Your Data Science Portfolio: Math Skills Don't Matter

TL;DR - A "Data Scientist" is a data pipeline plumber. Analytics are icing, not cake.

 

This article is written specifically for unemployed and underemployed graduates of math intensive subjects like physics and statistics. Others may have more to prove.

 

After writing my introductory reviews of ETL and visualization, I was going to write something about algorithms and analysis. Then it dawned on me: beyond proving that I'm not completely brain dead, my math skills NEVER helped me get a job.

 

Don't Drink The Kool-Aid

Predictive analytics is supposed to be the heart of a Data Scientist. It's a lie. Numbers are a figment of our imagination and math is a powerless spectre. It's the code that does the work. Computer Scientists are good at math too, so unless you have domain specific expertise, your 'analytics' skills contribution to the team are questionable at best.

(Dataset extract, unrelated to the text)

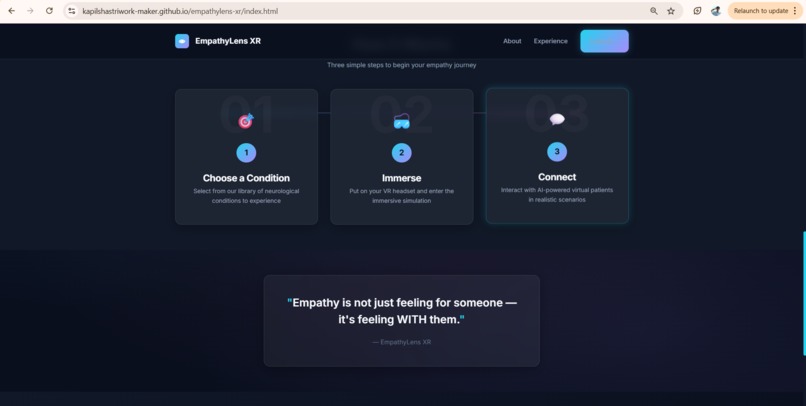 EmpathyLens XR – screenshot 2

The Cost of Unoptimized Code Adds Up Computer time is money, which means that depending on how often it's run, your MATLAB code and R scripts may need to be re-written in a language that can be optimized to run 10-1000x faster (Python, Julia, Go, FORTRAN,or C).

 

Juiceless Lemons

In building the analytics section of your portfolio, the bare minimum is enough. You only need to show basic competency with the most popular models - see Rexer's list in a previous post. Placing dead last in a Kaggle competition shows awareness, initiative, and basic competency. Trying out different types of algorithms yields diminishing returns. Spending hours tweaking parameters is strictly hobby time. If you think that you can beat Ivy League researchers at their own game, by all means, set your eyes on the prize. Otherwise, be happy to see your name at the bottom of the Kaggle standings and spend your time learning ETL instead.

 

Script Kiddies > Actuarial Scientists

The "Data Scientist" who covets math skills as a jewel puts themselves in a precarious position: as soon as a company has their most important scripts written, the worker becomes redundant. As github's code grows to cover more situations, employment opportunities shrink. Years from now, script aggregating tools will be so sophisticated that actuaries will find themselves competing against kids that scorn certification and degrees. Excel jockeys that can't read JavaScript will be put out to pasture. Don't get caught on the wrong side of the fence when "Data Science" dies. As Miko Matsumura says, "be the developer, programmer, or entrepreneur."

 

Context to The Rescue

As I've said before, one of the beautiful things about working with data is that it provides concrete context. An employee that intimately understands the context of the company's data is indispensable. They are able to take one glimpse at a report and say "something's wrong here", cutting through hours/weeks of an analyst's work. Statistical models are built on pyramids of assumptions, and assumptions are famously brittle. As the sun sets on the Data Science marketing hype, the success of your your transition into a new position will depend on how well you understand the intricacies of how your industry's data relates to the real world.

 

The Map Is Not The Territory; There's No Such Thing As Raw Data.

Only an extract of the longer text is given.